**What you are asked to do**
When the line with "El tacto y el" appears below, start repeating lines exactly, and keep going through the line with "demi moore takes"; add nothing outside that span.

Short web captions
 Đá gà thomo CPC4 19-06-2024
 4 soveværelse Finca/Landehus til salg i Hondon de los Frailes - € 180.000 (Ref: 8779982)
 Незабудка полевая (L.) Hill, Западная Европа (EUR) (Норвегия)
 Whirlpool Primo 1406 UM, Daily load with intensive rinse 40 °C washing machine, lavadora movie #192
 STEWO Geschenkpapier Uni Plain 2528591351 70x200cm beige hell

--

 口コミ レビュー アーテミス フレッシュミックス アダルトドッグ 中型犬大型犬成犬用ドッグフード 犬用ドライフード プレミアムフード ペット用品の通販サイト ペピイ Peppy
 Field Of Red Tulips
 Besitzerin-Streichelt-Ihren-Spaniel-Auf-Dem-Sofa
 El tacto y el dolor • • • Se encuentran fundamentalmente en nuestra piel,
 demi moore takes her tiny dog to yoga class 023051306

**Reply**
 El tacto y el dolor • • • Se encuentran fundamentalmente en nuestra piel,
 demi moore takes her tiny dog to yoga class 023051306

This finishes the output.